All that said, I agree it would be cool to get rid of all the unsafes.
If at least the associated type constructor issue were fixed in the Rust compiler, that would eliminate all unsafe code in libpijul.

Thanks for the information! Let’s assume for now that we’re not worried about the unsafe code inside Sanakirja, and only the external interface.

I don’t understand your point about needing associated type constructors. I mean, I can see how they would make things neater, but I don’t see why they’re necessary. In particular, in the version the I posted, I “lifted” the lifetimes to the Representable trait, so I think that calling db.get returning a value that borrows the txn gives it the right lifetime.

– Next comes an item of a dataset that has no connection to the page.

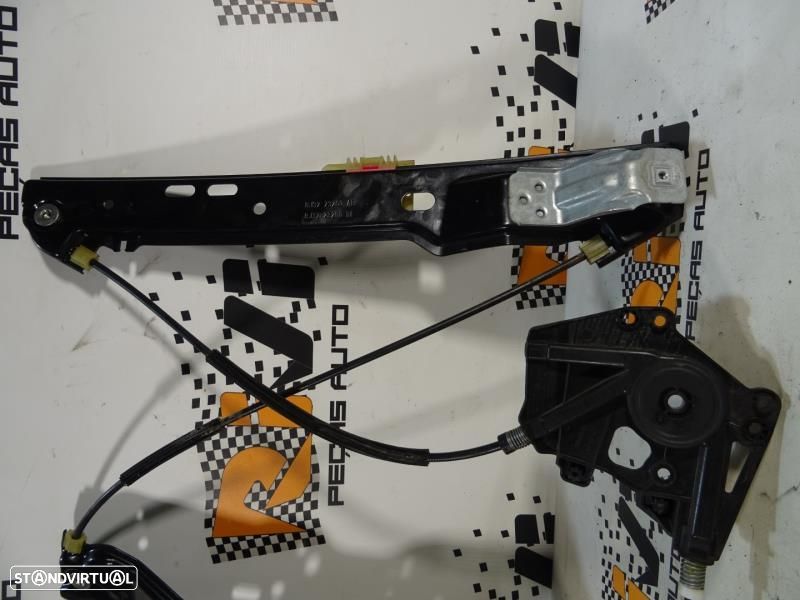 Elevador De Vidro Frente Direito Land Rover Range Rover Evoque (L538) - 5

You can see examples of it at the bottom of the main function.

Anyway, I didn’t notice that my proposal allows multiple mutable references to the same database, so that’s definitely a huge soundness hole. Here are a couple of half-baked ideas to fix that:

  1. As far as I can tell, the only issue is with largish values that are stored “on-page”, right? Small values pose no problem because we can just copy them instead of borrowing the memory, and large values stored on their own pages have stable locations for the whole duration of the transaction. So we could introduce a StablyRepresentable trait that’s implemented for everything that has a stable location. A Db would implement StablyRepresentable if both K and V do. If a Db implements StablyRepresentable, then we can have multiple simultaneous mutable references to it, because nothing that it returns will ever be invalidated.
    I think this scheme might already be enough for libpijul, because the only dbs-inside-a-db seem to be the ones in branches, and those all store small values, so they could be stably representable.

  2. I wonder if there’s a solution using the copy-on-write semantics together with “child” transactions. The idea is that you could have a Txn and a MutTxn going at the same time. You could read from the Txn but not the MutTxn, and you could write to the MutTxn (without invalidating anything you’d read from the Txn). Now, if at some point you want to read from the “fresh” data then you create a “child” MutTxn, which has the effect of freezing the parent one. Then you can read from the parent while writing to the child.
    For libpijul, this would be useful when applying patches, because first you update the branches and then you need to read the updated branches in order to update all the inodes.

This is a really good point, although it might be slightly inconvenient from the user’s point of view (but certainly less so than using unsafes).

I don’t believe you can do that, because a MutTxn borrows its parent (that’s intentional). But I had never thought of using a Txn as a parent, so the interface might be relaxed there. This sounds unsafe, but let me get back to that after some sleep.

Ok, I finally have something to actually show here: I wrote a wrapper around sanakirja here, that attempts to expose a reasonable safe API. The main principle is that in order to read anything, you need to take a snapshot. There’s also one place – specifically, write-access to the root_dbs – that using runtime exclusivity checking (similar to what RefCell does).